Using the filter() function, the original tibble is unchanged, which is an important feature of many functions we will learn in this Chapter. To save the filtered tibble, you can either assign the value to the original tibble name, which will overwrite it; or assign the value to a new name, which will create a new tibble with the new values. Let’s save the filtering results in a new tibble.

gm_europe <- filter(gm, continent == "Europe", year >= 2004, year <= 2006, HDI_category ==
    "very high")
gm_europe

In addition to using separate logical statements, you can also have logical operations between multiple logical vectors inside each statement. This makes the filter() function very flexible in expressing different kinds of filtering operation. Let’s say we want to find records that are in either Europe or Asia with HDI_category being “high” and “very high” in year 2004.
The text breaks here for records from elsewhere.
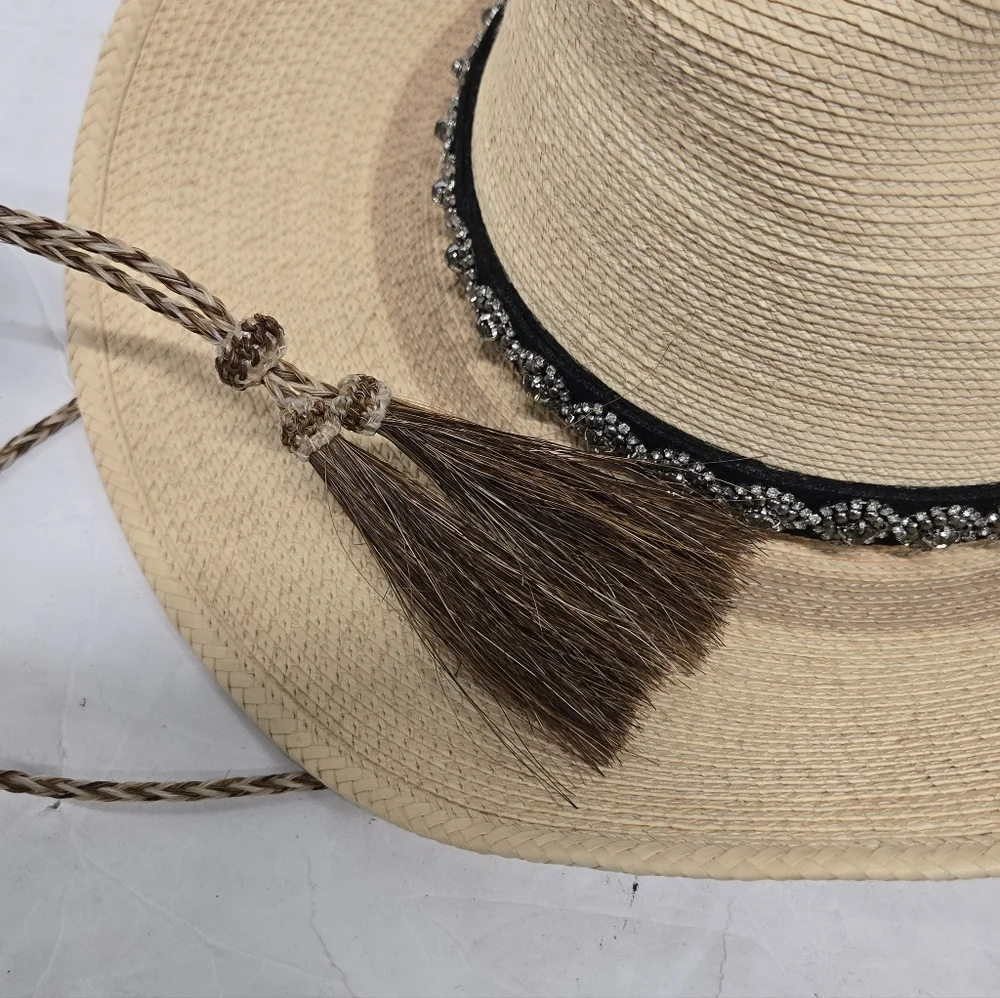 Sun Body Hat Houston Texas Handcrafted Palm Straw Havana Hat 7 1/8‎ ( 57 )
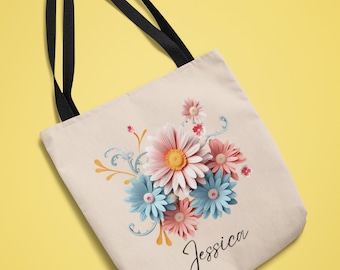 Custom Birth Flower Tote Bag, Flower Name Bag, Personalized Birthday Gift for Her, Mom Birthday, Gift for Friend, Birth Month Gift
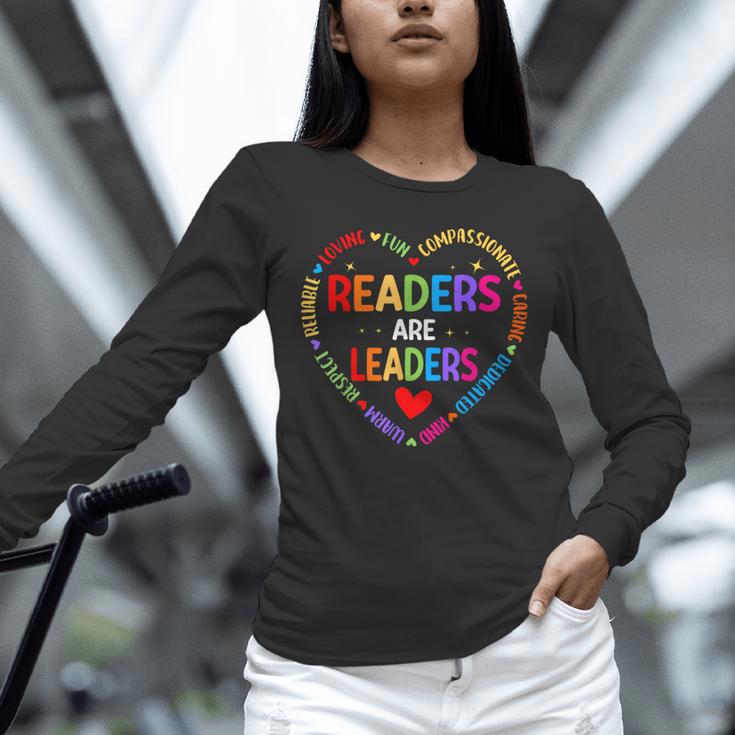 Readers Are Leaders Reading Teacher Women Kids Book Lovers Unisex Long Sleeve T-Shirt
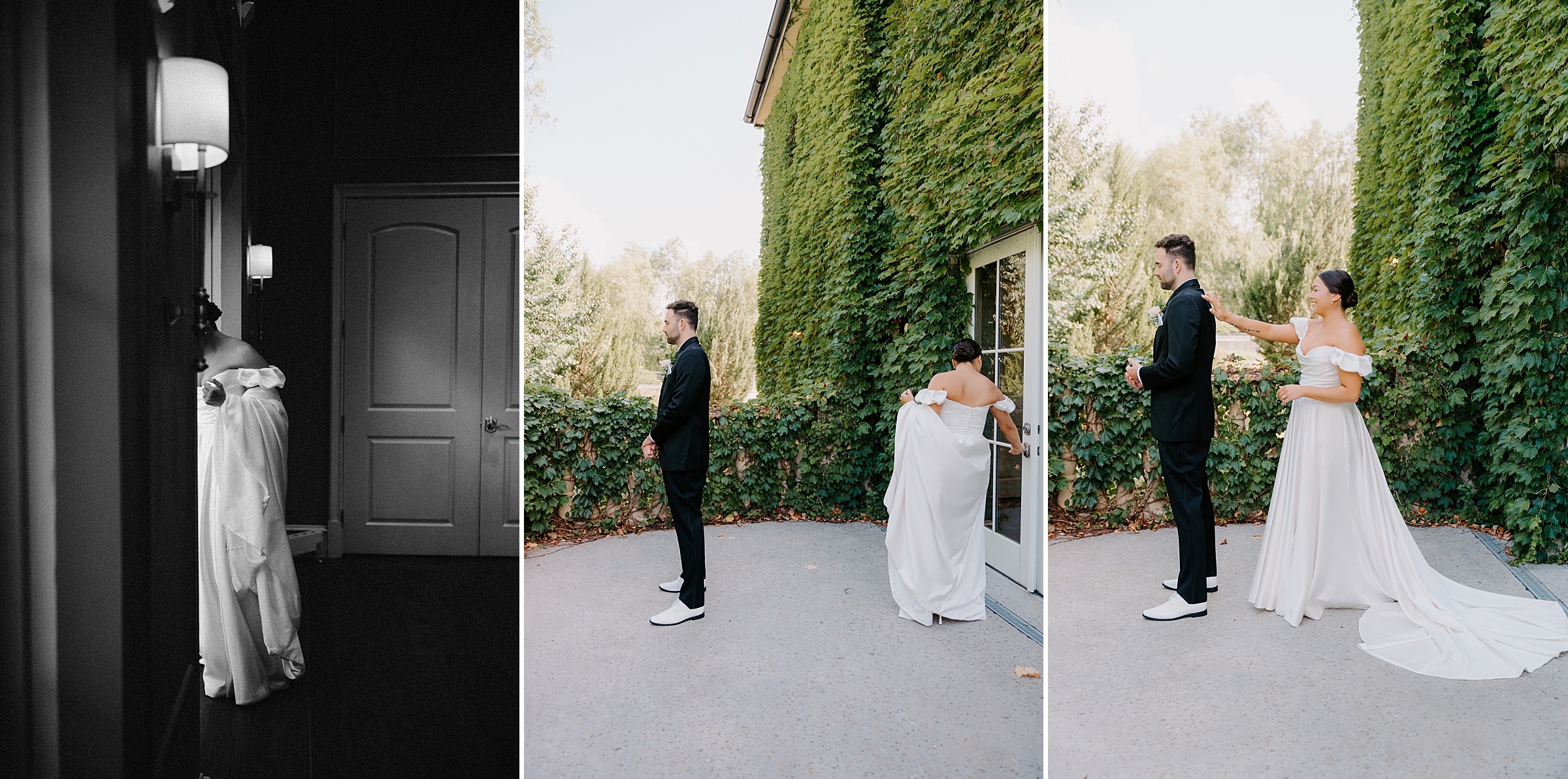 bride and groom portraits The Montclair ivy terrace Colleyville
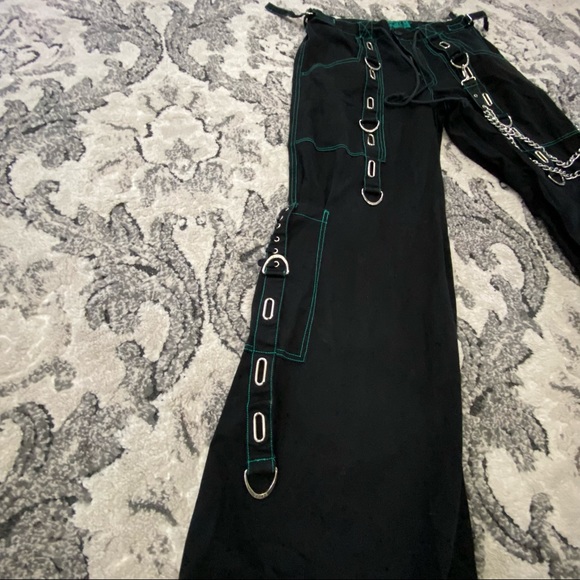 Tripp NYC Turquoise | Black Corset Bondage Pants - Picture 4 of 9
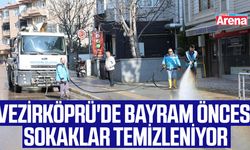 Vezirköprü'de bayram öncesi sokaklar temizleniyor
filter(gm, continent == "Europe" | continent == "Asia", year == 2004, HDI_category ==
    "very high" | HDI_category == "high")

7.1.3 The pipe operator

Now, we want to introduce a very useful operator, named pipe. The pipe operator makes it much easier to apply a sequence of operations on a dataset. For example, let’s say we want to generate a scatterplot of cholesterol and BMI only for the European countries in the gm2004 dataset. Typically, we first use the filter() function to create the subset of the data and call the ggplot() function to create the plot.

library(ggplot2)
ggplot(filter(gm2004, continent == "Europe")) + geom_point(aes(x = BMI, y = cholesterol))

While this gets the job done, it doesn’t look very elegant. Let’s take a look what this looks like when we use the pipe operator %>%.

gm2004 %>%
    filter(continent == "Europe") %>%
    ggplot() + geom_point(aes(x = BMI, y = cholesterol))

I hope you agree that this looks more intepretable, with each line corresponding to a step in the data processing. The pipe operator %>% is a binary operator that takes the object on its left-hand side and passes it as the first argument to the function on its right-hand side. This makes it easier to read the code from left to right, as if you are reading a book.

From now on, we will be extensively using the pipe operator %>% to make the code more readable.

7.1.4 Exercise

Using the ahp dataset, create a new tibble named my_ahp that contains all houses that are built before year 2000 (not including 2000), sold on or after year 2009, and with 2 or 3 bedrooms.
Using the gm dataset, create a new tibble named my_gm that contains all countries in Asia and Africa with HDI_category being “high” or “medium” in year 2006.